Carry over every entry exactly as it appears in the records.

____

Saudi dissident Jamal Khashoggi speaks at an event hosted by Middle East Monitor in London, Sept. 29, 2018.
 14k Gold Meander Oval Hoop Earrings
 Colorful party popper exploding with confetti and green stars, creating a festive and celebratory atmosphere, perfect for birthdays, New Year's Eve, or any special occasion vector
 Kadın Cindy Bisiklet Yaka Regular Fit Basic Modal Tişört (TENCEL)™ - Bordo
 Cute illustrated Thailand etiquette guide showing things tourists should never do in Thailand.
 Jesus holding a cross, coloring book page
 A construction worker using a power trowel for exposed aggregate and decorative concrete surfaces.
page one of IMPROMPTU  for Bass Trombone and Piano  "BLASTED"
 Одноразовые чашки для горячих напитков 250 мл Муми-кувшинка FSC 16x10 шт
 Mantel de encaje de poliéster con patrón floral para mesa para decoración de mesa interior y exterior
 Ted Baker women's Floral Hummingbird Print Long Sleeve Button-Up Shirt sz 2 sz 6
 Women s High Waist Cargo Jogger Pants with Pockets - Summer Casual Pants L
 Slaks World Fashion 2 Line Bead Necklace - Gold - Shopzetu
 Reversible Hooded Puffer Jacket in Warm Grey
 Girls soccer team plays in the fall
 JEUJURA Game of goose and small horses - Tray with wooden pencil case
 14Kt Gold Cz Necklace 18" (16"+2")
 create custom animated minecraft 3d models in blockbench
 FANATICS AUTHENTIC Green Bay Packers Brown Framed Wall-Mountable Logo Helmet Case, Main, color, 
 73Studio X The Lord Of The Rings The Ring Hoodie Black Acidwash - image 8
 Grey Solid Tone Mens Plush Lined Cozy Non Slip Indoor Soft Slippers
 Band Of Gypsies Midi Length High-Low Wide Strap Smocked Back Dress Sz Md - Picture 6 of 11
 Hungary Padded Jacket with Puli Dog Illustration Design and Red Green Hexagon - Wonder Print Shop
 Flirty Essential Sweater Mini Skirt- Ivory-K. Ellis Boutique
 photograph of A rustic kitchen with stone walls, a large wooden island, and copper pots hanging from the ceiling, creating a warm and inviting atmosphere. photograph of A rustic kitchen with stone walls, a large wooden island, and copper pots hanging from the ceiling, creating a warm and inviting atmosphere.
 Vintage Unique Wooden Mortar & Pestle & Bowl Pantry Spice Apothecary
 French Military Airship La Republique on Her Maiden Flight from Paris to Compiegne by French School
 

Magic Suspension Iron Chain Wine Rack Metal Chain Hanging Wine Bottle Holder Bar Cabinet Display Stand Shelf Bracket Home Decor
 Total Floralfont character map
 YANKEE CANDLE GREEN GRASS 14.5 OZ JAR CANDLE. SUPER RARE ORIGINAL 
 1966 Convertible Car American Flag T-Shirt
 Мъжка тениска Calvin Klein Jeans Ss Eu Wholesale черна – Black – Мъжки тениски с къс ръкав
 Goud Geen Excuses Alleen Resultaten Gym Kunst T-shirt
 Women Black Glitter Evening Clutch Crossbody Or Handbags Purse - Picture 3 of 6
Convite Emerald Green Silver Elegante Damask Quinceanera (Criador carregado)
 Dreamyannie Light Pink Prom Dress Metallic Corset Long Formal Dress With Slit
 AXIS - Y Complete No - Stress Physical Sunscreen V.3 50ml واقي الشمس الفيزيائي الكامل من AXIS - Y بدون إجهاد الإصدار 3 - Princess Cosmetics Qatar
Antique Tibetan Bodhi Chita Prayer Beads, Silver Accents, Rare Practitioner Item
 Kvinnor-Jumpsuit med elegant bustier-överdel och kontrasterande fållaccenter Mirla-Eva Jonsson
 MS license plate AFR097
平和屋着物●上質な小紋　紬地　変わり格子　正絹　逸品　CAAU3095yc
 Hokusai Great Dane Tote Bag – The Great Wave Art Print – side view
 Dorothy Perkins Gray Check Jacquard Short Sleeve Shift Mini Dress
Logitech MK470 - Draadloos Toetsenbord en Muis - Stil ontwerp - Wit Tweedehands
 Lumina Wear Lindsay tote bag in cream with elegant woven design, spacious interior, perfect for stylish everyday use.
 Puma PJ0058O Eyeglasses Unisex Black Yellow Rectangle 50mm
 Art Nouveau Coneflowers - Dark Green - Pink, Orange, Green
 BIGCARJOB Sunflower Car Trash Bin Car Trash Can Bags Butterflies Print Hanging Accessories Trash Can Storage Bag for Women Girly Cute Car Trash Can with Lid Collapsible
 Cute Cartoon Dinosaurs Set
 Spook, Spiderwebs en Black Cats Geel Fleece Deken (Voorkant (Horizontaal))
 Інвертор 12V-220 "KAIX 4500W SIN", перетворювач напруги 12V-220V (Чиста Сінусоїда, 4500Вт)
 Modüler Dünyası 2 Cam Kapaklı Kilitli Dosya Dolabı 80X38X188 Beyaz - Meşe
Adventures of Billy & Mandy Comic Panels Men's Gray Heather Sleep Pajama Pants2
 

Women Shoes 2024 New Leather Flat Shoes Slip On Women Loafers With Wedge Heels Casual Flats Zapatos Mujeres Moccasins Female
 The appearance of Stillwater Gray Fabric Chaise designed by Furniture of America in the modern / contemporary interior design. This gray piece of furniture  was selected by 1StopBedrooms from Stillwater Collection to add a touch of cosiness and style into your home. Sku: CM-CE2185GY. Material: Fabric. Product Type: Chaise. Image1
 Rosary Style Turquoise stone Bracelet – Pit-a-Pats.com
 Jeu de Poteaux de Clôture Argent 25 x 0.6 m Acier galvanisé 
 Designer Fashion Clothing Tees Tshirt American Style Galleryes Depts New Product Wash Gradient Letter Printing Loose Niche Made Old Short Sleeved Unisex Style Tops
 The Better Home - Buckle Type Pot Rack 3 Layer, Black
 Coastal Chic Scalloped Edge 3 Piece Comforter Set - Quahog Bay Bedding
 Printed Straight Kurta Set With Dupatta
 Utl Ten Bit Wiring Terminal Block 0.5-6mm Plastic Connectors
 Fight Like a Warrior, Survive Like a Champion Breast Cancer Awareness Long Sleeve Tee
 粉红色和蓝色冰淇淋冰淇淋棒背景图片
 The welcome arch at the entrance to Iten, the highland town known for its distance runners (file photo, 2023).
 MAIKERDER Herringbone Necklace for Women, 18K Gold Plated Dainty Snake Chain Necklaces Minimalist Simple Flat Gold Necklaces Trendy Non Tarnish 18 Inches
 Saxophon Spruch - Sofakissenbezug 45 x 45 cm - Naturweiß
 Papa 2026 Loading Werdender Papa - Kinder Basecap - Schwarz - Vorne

____

■ RESULT OF THIS TASK
Saudi dissident Jamal Khashoggi speaks at an event hosted by Middle East Monitor in London, Sept. 29, 2018.
 14k Gold Meander Oval Hoop Earrings
 Colorful party popper exploding with confetti and green stars, creating a festive and celebratory atmosphere, perfect for birthdays, New Year's Eve, or any special occasion vector
 Kadın Cindy Bisiklet Yaka Regular Fit Basic Modal Tişört (TENCEL)™ - Bordo
 Cute illustrated Thailand etiquette guide showing things tourists should never do in Thailand.
 Jesus holding a cross, coloring book page
 A construction worker using a power trowel for exposed aggregate and decorative concrete surfaces.
page one of IMPROMPTU  for Bass Trombone and Piano  "BLASTED"
 Одноразовые чашки для горячих напитков 250 мл Муми-кувшинка FSC 16x10 шт
 Mantel de encaje de poliéster con patrón floral para mesa para decoración de mesa interior y exterior
 Ted Baker women's Floral Hummingbird Print Long Sleeve Button-Up Shirt sz 2 sz 6
 Women s High Waist Cargo Jogger Pants with Pockets - Summer Casual Pants L
 Slaks World Fashion 2 Line Bead Necklace - Gold - Shopzetu
 Reversible Hooded Puffer Jacket in Warm Grey
 Girls soccer team plays in the fall
 JEUJURA Game of goose and small horses - Tray with wooden pencil case
 14Kt Gold Cz Necklace 18" (16"+2")
 create custom animated minecraft 3d models in blockbench
 FANATICS AUTHENTIC Green Bay Packers Brown Framed Wall-Mountable Logo Helmet Case, Main, color, 
 73Studio X The Lord Of The Rings The Ring Hoodie Black Acidwash - image 8
 Grey Solid Tone Mens Plush Lined Cozy Non Slip Indoor Soft Slippers
 Band Of Gypsies Midi Length High-Low Wide Strap Smocked Back Dress Sz Md - Picture 6 of 11
 Hungary Padded Jacket with Puli Dog Illustration Design and Red Green Hexagon - Wonder Print Shop
 Flirty Essential Sweater Mini Skirt- Ivory-K. Ellis Boutique
 photograph of A rustic kitchen with stone walls, a large wooden island, and copper pots hanging from the ceiling, creating a warm and inviting atmosphere. photograph of A rustic kitchen with stone walls, a large wooden island, and copper pots hanging from the ceiling, creating a warm and inviting atmosphere.
 Vintage Unique Wooden Mortar & Pestle & Bowl Pantry Spice Apothecary
 French Military Airship La Republique on Her Maiden Flight from Paris to Compiegne by French School
 

Magic Suspension Iron Chain Wine Rack Metal Chain Hanging Wine Bottle Holder Bar Cabinet Display Stand Shelf Bracket Home Decor
 Total Floralfont character map
 YANKEE CANDLE GREEN GRASS 14.5 OZ JAR CANDLE. SUPER RARE ORIGINAL 
 1966 Convertible Car American Flag T-Shirt
 Мъжка тениска Calvin Klein Jeans Ss Eu Wholesale черна – Black – Мъжки тениски с къс ръкав
 Goud Geen Excuses Alleen Resultaten Gym Kunst T-shirt
 Women Black Glitter Evening Clutch Crossbody Or Handbags Purse - Picture 3 of 6
Convite Emerald Green Silver Elegante Damask Quinceanera (Criador carregado)
 Dreamyannie Light Pink Prom Dress Metallic Corset Long Formal Dress With Slit
 AXIS - Y Complete No - Stress Physical Sunscreen V.3 50ml واقي الشمس الفيزيائي الكامل من AXIS - Y بدون إجهاد الإصدار 3 - Princess Cosmetics Qatar
Antique Tibetan Bodhi Chita Prayer Beads, Silver Accents, Rare Practitioner Item
 Kvinnor-Jumpsuit med elegant bustier-överdel och kontrasterande fållaccenter Mirla-Eva Jonsson
 MS license plate AFR097
平和屋着物●上質な小紋　紬地　変わり格子　正絹　逸品　CAAU3095yc
 Hokusai Great Dane Tote Bag – The Great Wave Art Print – side view
 Dorothy Perkins Gray Check Jacquard Short Sleeve Shift Mini Dress
Logitech MK470 - Draadloos Toetsenbord en Muis - Stil ontwerp - Wit Tweedehands
 Lumina Wear Lindsay tote bag in cream with elegant woven design, spacious interior, perfect for stylish everyday use.
 Puma PJ0058O Eyeglasses Unisex Black Yellow Rectangle 50mm
 Art Nouveau Coneflowers - Dark Green - Pink, Orange, Green
 BIGCARJOB Sunflower Car Trash Bin Car Trash Can Bags Butterflies Print Hanging Accessories Trash Can Storage Bag for Women Girly Cute Car Trash Can with Lid Collapsible
 Cute Cartoon Dinosaurs Set
 Spook, Spiderwebs en Black Cats Geel Fleece Deken (Voorkant (Horizontaal))
 Інвертор 12V-220 "KAIX 4500W SIN", перетворювач напруги 12V-220V (Чиста Сінусоїда, 4500Вт)
 Modüler Dünyası 2 Cam Kapaklı Kilitli Dosya Dolabı 80X38X188 Beyaz - Meşe
Adventures of Billy & Mandy Comic Panels Men's Gray Heather Sleep Pajama Pants2
 

Women Shoes 2024 New Leather Flat Shoes Slip On Women Loafers With Wedge Heels Casual Flats Zapatos Mujeres Moccasins Female
 The appearance of Stillwater Gray Fabric Chaise designed by Furniture of America in the modern / contemporary interior design. This gray piece of furniture  was selected by 1StopBedrooms from Stillwater Collection to add a touch of cosiness and style into your home. Sku: CM-CE2185GY. Material: Fabric. Product Type: Chaise. Image1
 Rosary Style Turquoise stone Bracelet – Pit-a-Pats.com
 Jeu de Poteaux de Clôture Argent 25 x 0.6 m Acier galvanisé 
 Designer Fashion Clothing Tees Tshirt American Style Galleryes Depts New Product Wash Gradient Letter Printing Loose Niche Made Old Short Sleeved Unisex Style Tops
 The Better Home - Buckle Type Pot Rack 3 Layer, Black
 Coastal Chic Scalloped Edge 3 Piece Comforter Set - Quahog Bay Bedding
 Printed Straight Kurta Set With Dupatta
 Utl Ten Bit Wiring Terminal Block 0.5-6mm Plastic Connectors
 Fight Like a Warrior, Survive Like a Champion Breast Cancer Awareness Long Sleeve Tee
 粉红色和蓝色冰淇淋冰淇淋棒背景图片
 The welcome arch at the entrance to Iten, the highland town known for its distance runners (file photo, 2023).
 MAIKERDER Herringbone Necklace for Women, 18K Gold Plated Dainty Snake Chain Necklaces Minimalist Simple Flat Gold Necklaces Trendy Non Tarnish 18 Inches
 Saxophon Spruch - Sofakissenbezug 45 x 45 cm - Naturweiß
 Papa 2026 Loading Werdender Papa - Kinder Basecap - Schwarz - Vorne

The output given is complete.